● Data for processing
┄┄┄┄┄┄┄┄┄┄┄┄┄┄┄┄┄┄┄┄

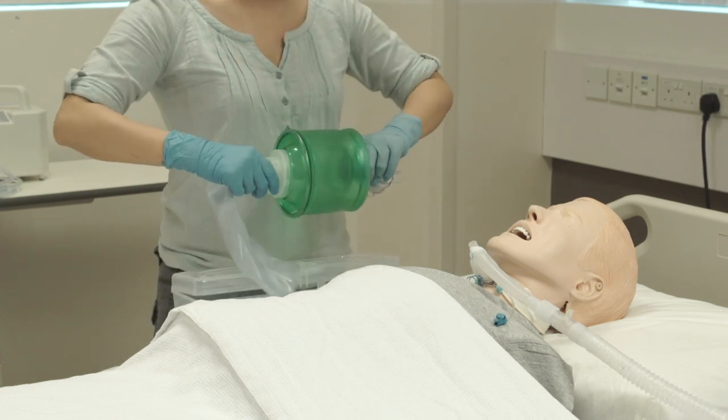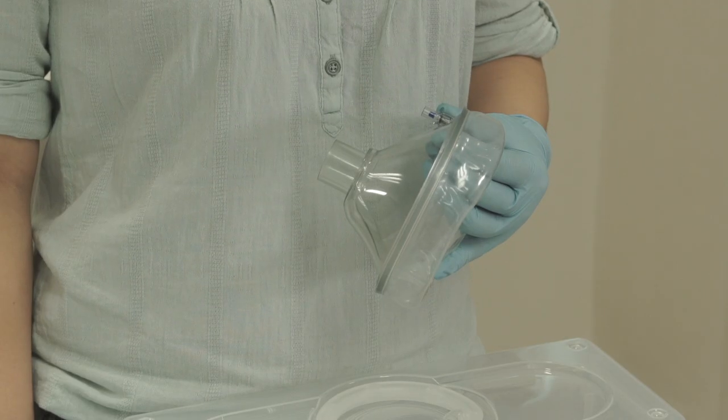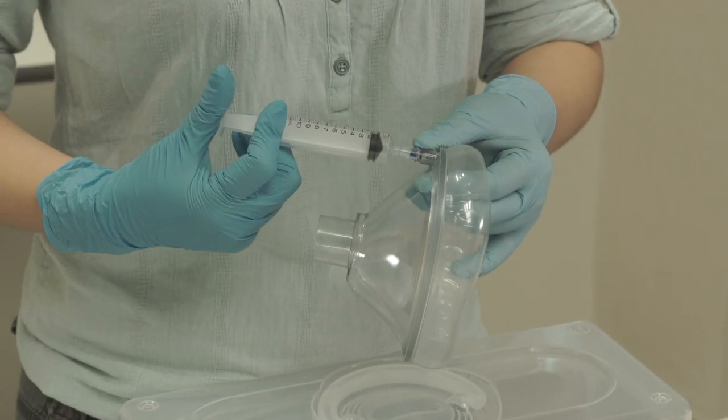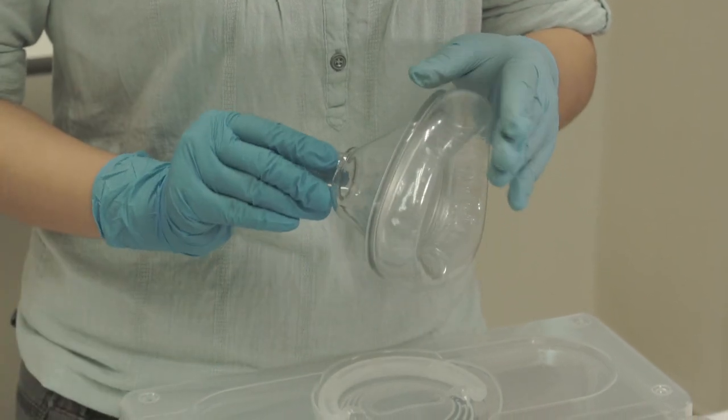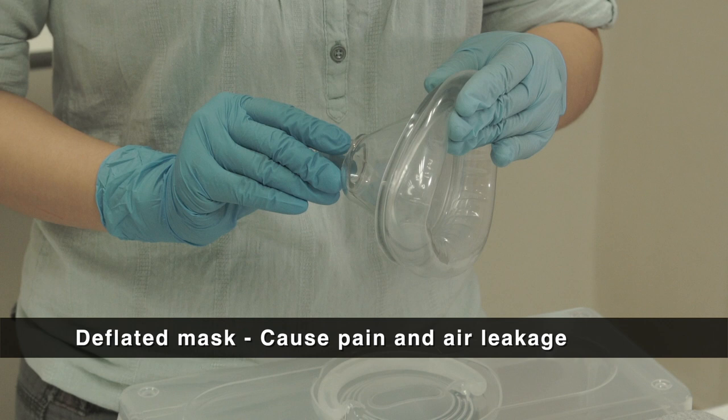Assemble the Ambu Bag and check for self-filling. Ensure that the face mask is well-inflated, and inject more air if needed. A deflated mask may cause pain and air leakage.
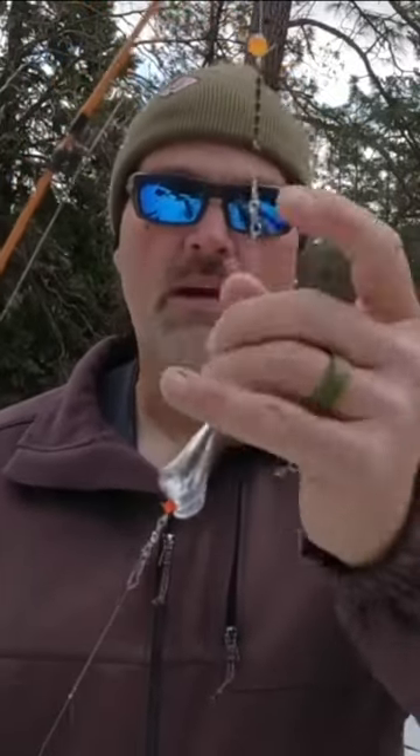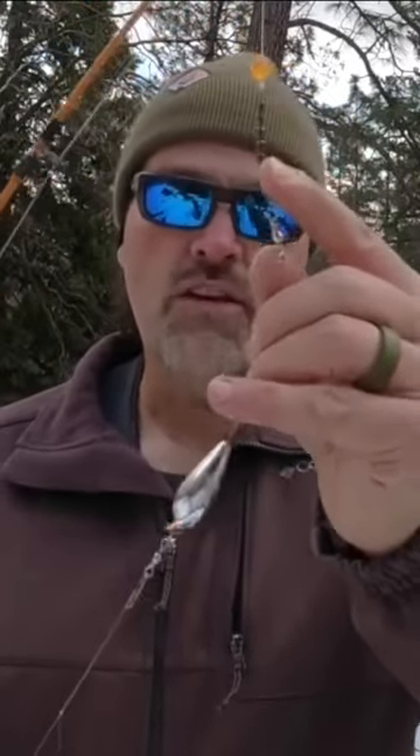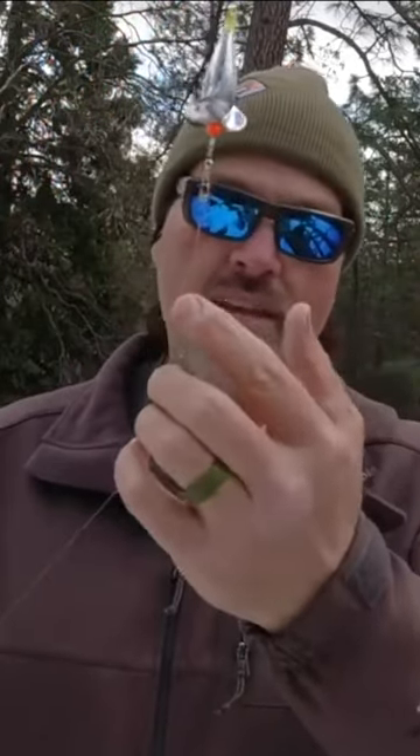I rig them on a short piece of line so I can insert them in my rig between the trolling swivel right there at the end of my main line and my leader, which starts right there. I can run any number of different offerings behind the Turbo Flasher.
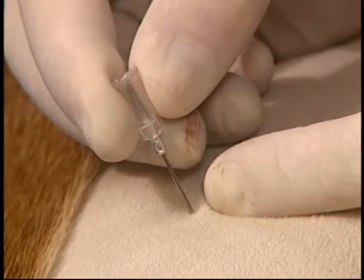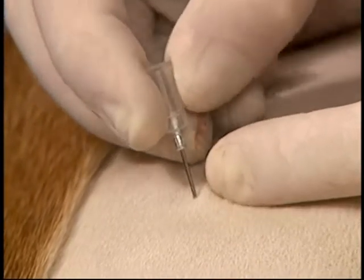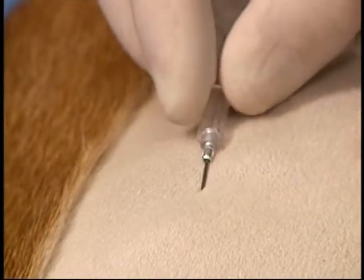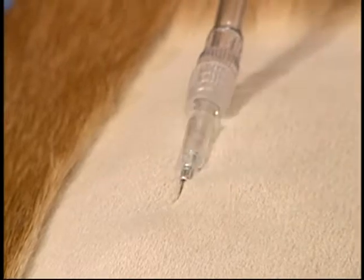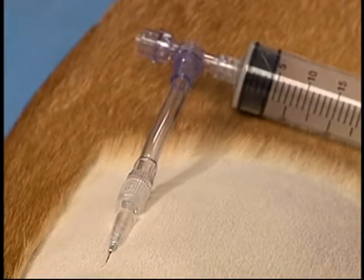Once the needle has penetrated into the pleural space it is advanced another two to three millimeters, and then tilted laterally to ensure that the bevel is outwards, so the needle will not insert into the lung as fluid and air is aspirated.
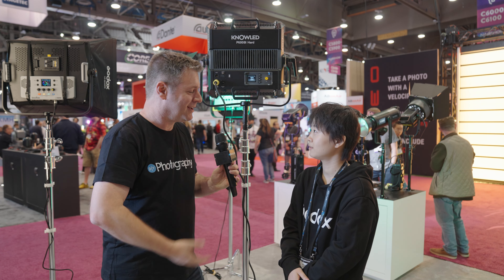Kaylee, thank you very much for showing us this light — I love this form factor. We're going to keep touring the floor here at NAB 2023 to bring you more gear news. I'm Udi Tiroz from DIYphotography.net — stick around.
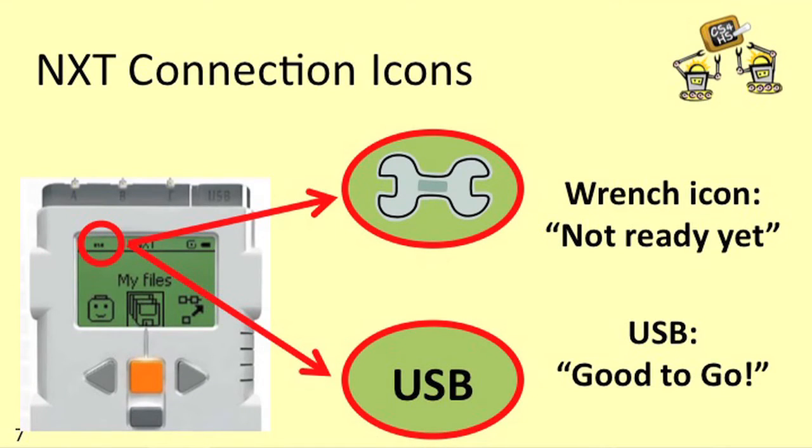So how do you know when it's done? Whenever your NXT is connected to a computer with its USB cable, a little icon will appear in the top left corner of the screen. If that icon looks like a little wrench, that's probably because the drivers are still being installed on your computer — the wrench means it's not able to communicate with the computer yet, so most of the time that just means sit back and wait. After the drivers are correctly installed, the wrench will disappear and the letters USB will appear in its place, meaning the NXT is able to communicate with the computer and you're ready to get started.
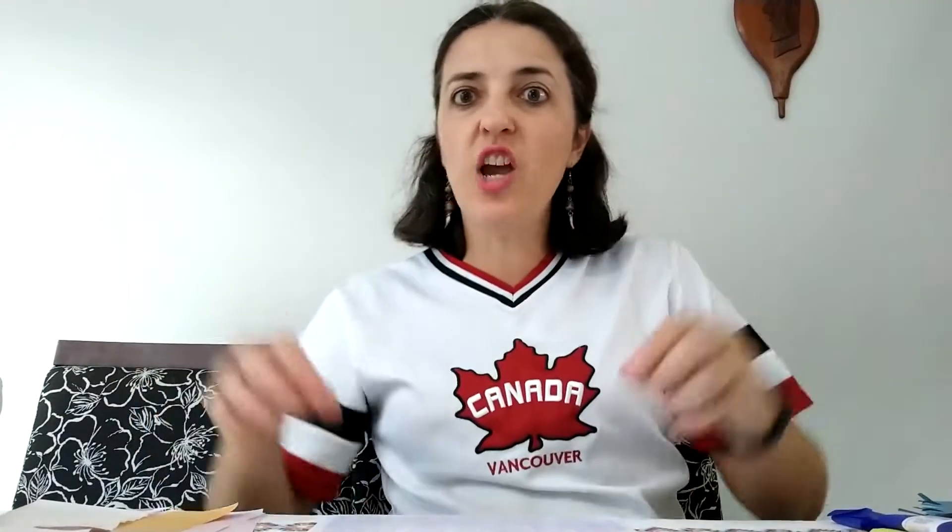Hello kids! Teacher C here again. This week, as we talked before, we're going to have Easter on Sunday. So now we're going to make an Easter basket so you can leave it for the Easter Bunny to put the eggs and the chocolate for you.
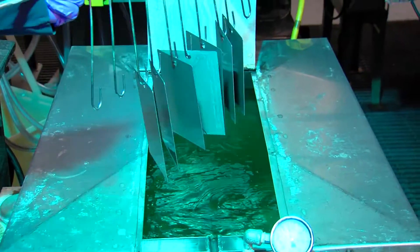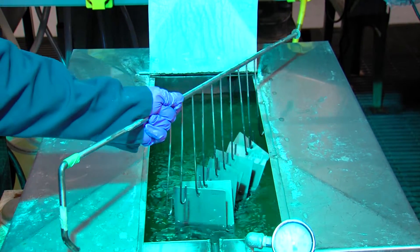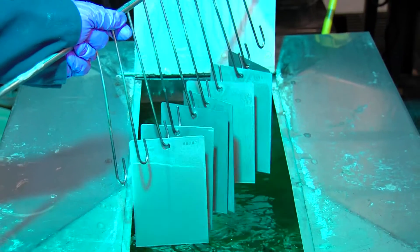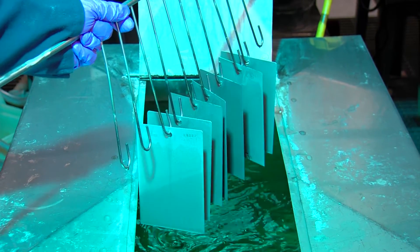The concept for the Bondurite Flex process really began probably 10 years ago, where we talked about developing a two-step process for high levels of aluminum. It was perfected in Europe, and this is a key part of the process.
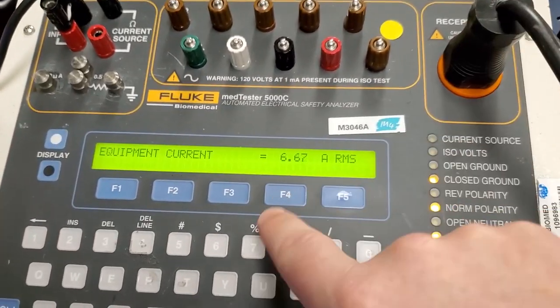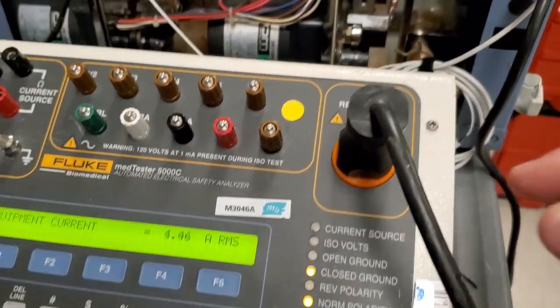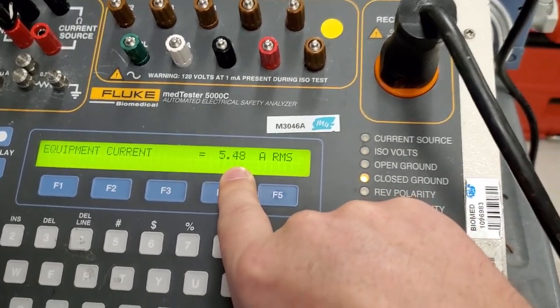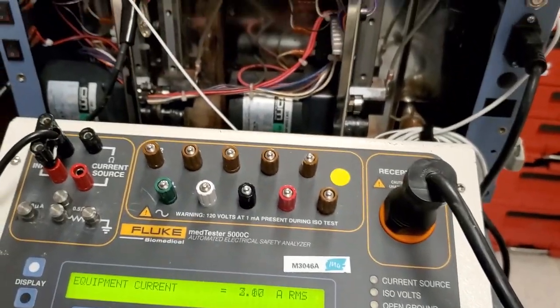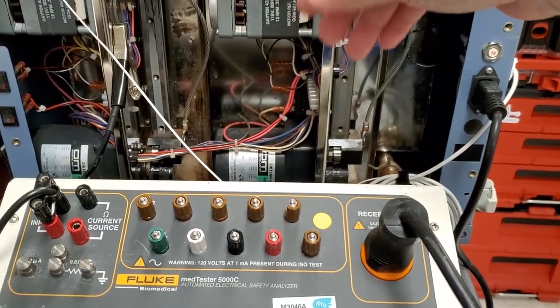Just connect your device, put it on equipment current, and then run the device. You can see it flip-flopping right here — this is caused by the heating circuit, because it is a heated water bath that's kicking the heating element on and off.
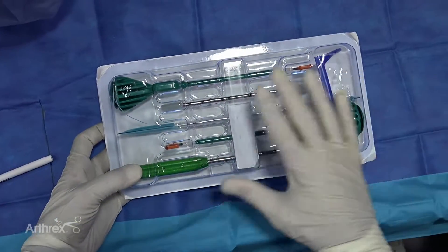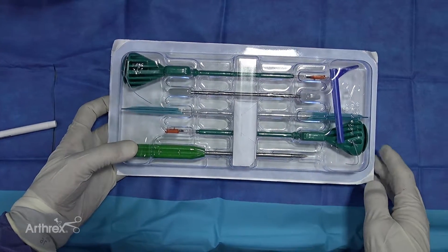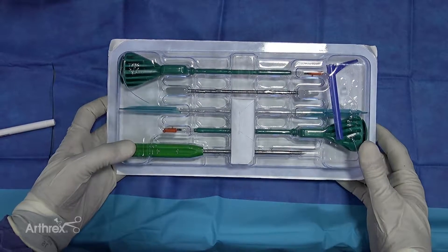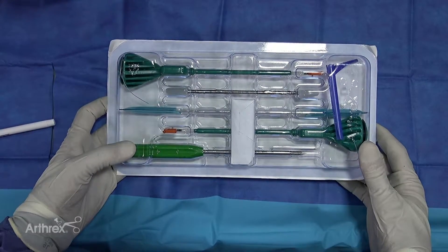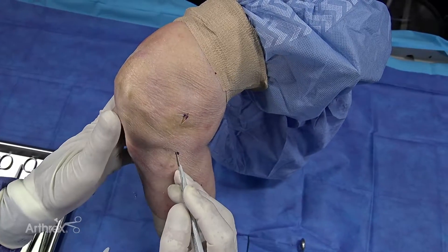This kit is self-contained. It has everything you need to do it, including the guide wires and the swivel locks and the taps. And most importantly, believe it or not, is the little blue shoehorn cannula. I'm going to make a small incision over the medial epicondyle.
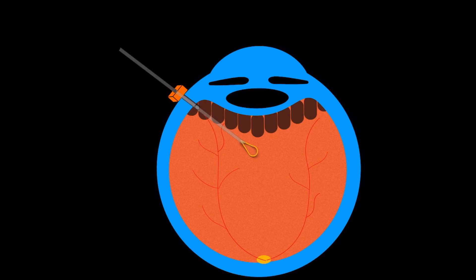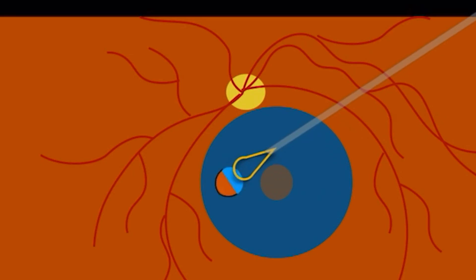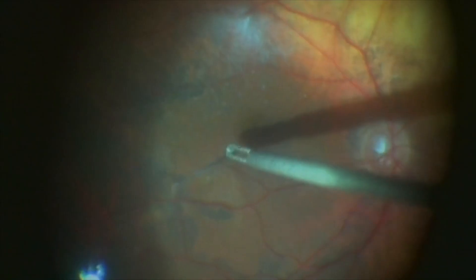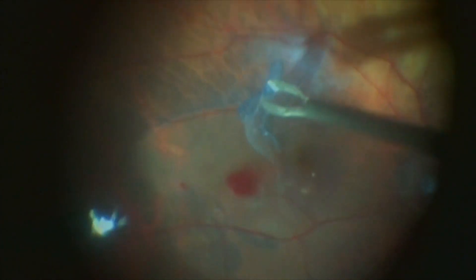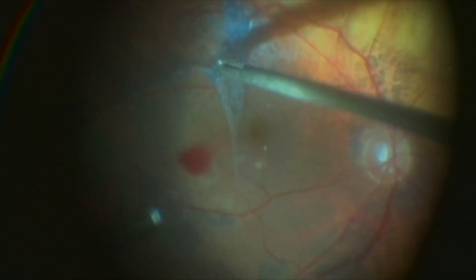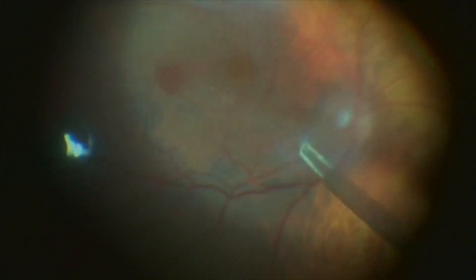In this case, the surgeon used the Flex Loop to create a first edge, making it easy to grasp the thick membrane and remove it completely with forceps without further traction in the perifoveal zone. The retinal membrane in this procedure appears to have been removed together with the residual posterior hyaloid at the posterior pole, possibly due to vitreous traction.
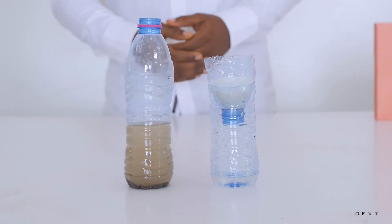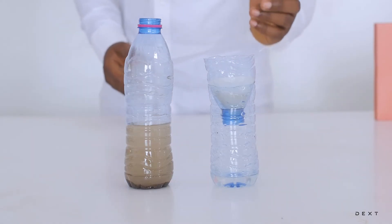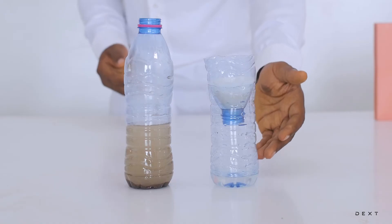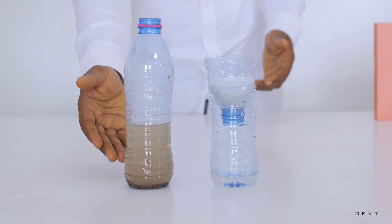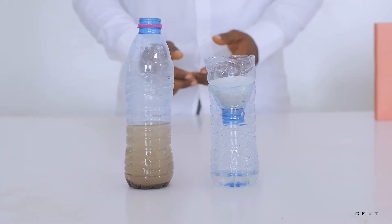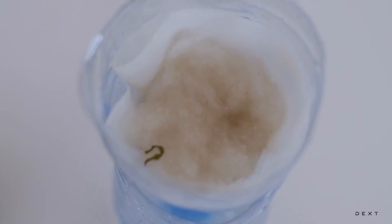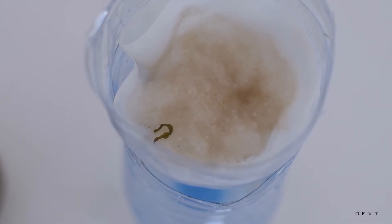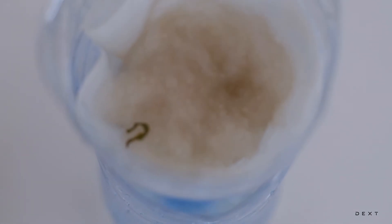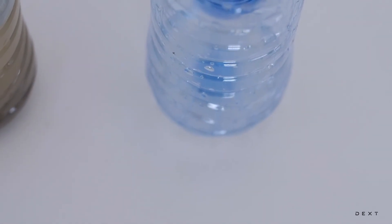So there you have it — dirty water and a simple filtration setup. The water isn't drinkable yet, but you can clearly see that the water which has gone through the filtration system is much cleaner than the filthy water we poured in. When you look on top of the filtration system you can see all the dirty particles and suspended items that have been trapped by the cotton and the filter paper, while relatively cleaner water has passed through.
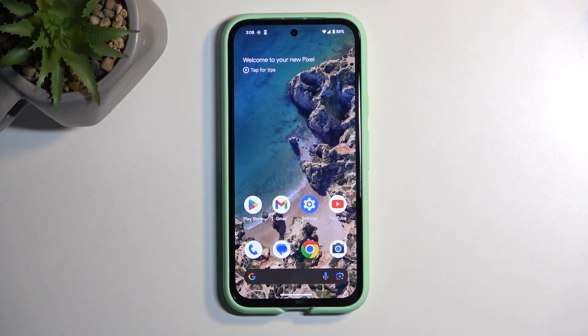Welcome. In front of me is a Google Pixel 8a, and today I will show you how you can capture a screenshot on this device.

┄┄┄┄┄┄┄┄┄┄┄┄┄┄┄┄┄┄┄┄

● Goal of the exercise
Output the data above verbatim, pictures excluded.

● Finished task
Assemble the Ambu Bag and check for self-filling. Ensure that the face mask is well-inflated, and inject more air if needed. A deflated mask may cause pain and air leakage.
I rig them on a short piece of line so I can insert them in my rig between the trolling swivel right there at the end of my main line and my leader, which starts right there. I can run any number of different offerings behind the Turbo Flasher.
Once the needle has penetrated into the pleural space it is advanced another two to three millimeters, and then tilted laterally to ensure that the bevel is outwards, so the needle will not insert into the lung as fluid and air is aspirated.
Kaylee, thank you very much for showing us this light — I love this form factor. We're going to keep touring the floor here at NAB 2023 to bring you more gear news. I'm Udi Tiroz from DIYphotography.net — stick around.
So how do you know when it's done? Whenever your NXT is connected to a computer with its USB cable, a little icon will appear in the top left corner of the screen. If that icon looks like a little wrench, that's probably because the drivers are still being installed on your computer — the wrench means it's not able to communicate with the computer yet, so most of the time that just means sit back and wait. After the drivers are correctly installed, the wrench will disappear and the letters USB will appear in its place, meaning the NXT is able to communicate with the computer and you're ready to get started.
Hello kids! Teacher C here again. This week, as we talked before, we're going to have Easter on Sunday. So now we're going to make an Easter basket so you can leave it for the Easter Bunny to put the eggs and the chocolate for you.
The concept for the Bondurite Flex process really began probably 10 years ago, where we talked about developing a two-step process for high levels of aluminum. It was perfected in Europe, and this is a key part of the process.
Just connect your device, put it on equipment current, and then run the device. You can see it flip-flopping right here — this is caused by the heating circuit, because it is a heated water bath that's kicking the heating element on and off.
This kit is self-contained. It has everything you need to do it, including the guide wires and the swivel locks and the taps. And most importantly, believe it or not, is the little blue shoehorn cannula. I'm going to make a small incision over the medial epicondyle.
In this case, the surgeon used the Flex Loop to create a first edge, making it easy to grasp the thick membrane and remove it completely with forceps without further traction in the perifoveal zone. The retinal membrane in this procedure appears to have been removed together with the residual posterior hyaloid at the posterior pole, possibly due to vitreous traction.
So there you have it — dirty water and a simple filtration setup. The water isn't drinkable yet, but you can clearly see that the water which has gone through the filtration system is much cleaner than the filthy water we poured in. When you look on top of the filtration system you can see all the dirty particles and suspended items that have been trapped by the cotton and the filter paper, while relatively cleaner water has passed through.
Welcome. In front of me is a Google Pixel 8a, and today I will show you how you can capture a screenshot on this device.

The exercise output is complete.